Koshmar esbozó una rápida sonrisa.

— Ay, Hresh. ¡Genio y figura! ¡Con qué respeto pides a una Koshmar moribunda que haga la elección, cuando sabes que ya está hecha!

— Te lo he pedido con toda sinceridad y respeto, Koshmar…

— ¿Ah, sí? Pues bien: respondo porque me preguntas, y te digo lo que ya sabes. Hay una sola mujer en la tribu que cumpla los requisitos. Me sucederá Taniane.

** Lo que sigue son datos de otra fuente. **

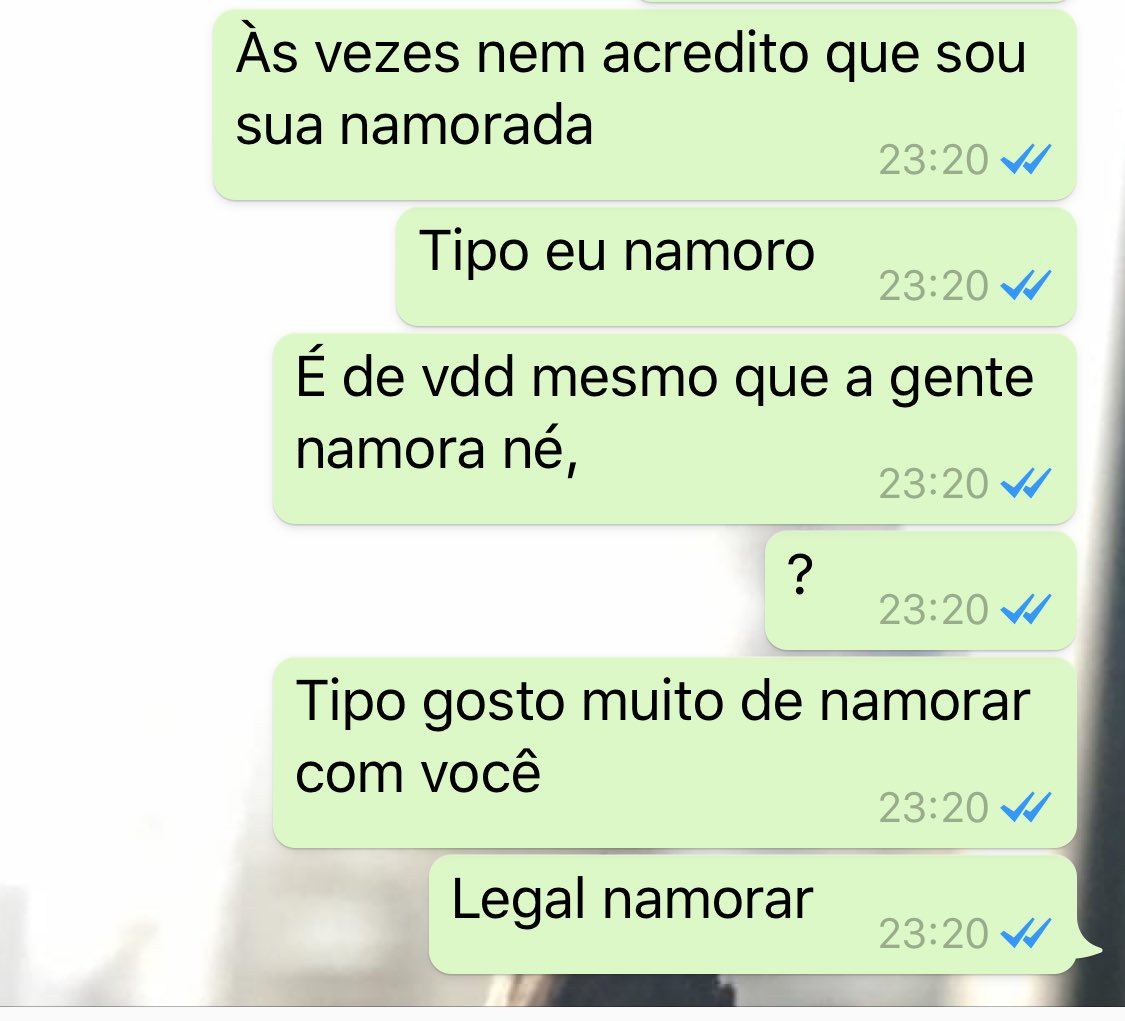 pinhodepietra's tweet image. Quando uma pessoa desiludida começa a namorar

Hresh contuvo el aliento, se mordió el labio y apartó la vista.

— ¿Te desagrada la elección?

— No. En absoluto. Pero hace que esto parezca más real. Con más claridad que lo que querría me hace ver que ya no serás cabecilla, que alguien más, que Taniane…

— Todo cambia, Hresh. Los ojos-de-zafiro ya no gobiernan el mundo. Ahora, una cosa más: ¿Taniane y tú formaréis pareja?

— He estado indagando las crónicas en busca de antecedentes que permitieran tomar compañera al cronista de la tribu.

— No es necesario que sigas buscando. Los antecedentes están de más. Tú eres el antecedente. Ella es tu pareja.

— ¿Lo es, entonces?

— Cuando regreses del asentamiento beng, tráela aquí, y diré las palabras rituales.

— Koshmar… Koshmar…

— Pero no le digas que será cabecilla. Todavía no tiene el cargo. Sólo lo será cuando tú y Torlyri depositéis sobre ella esa responsabilidad. Estas cosas deben hacerse como está establecido. No puede haber una nueva cabecilla mientras la otra esté con vida.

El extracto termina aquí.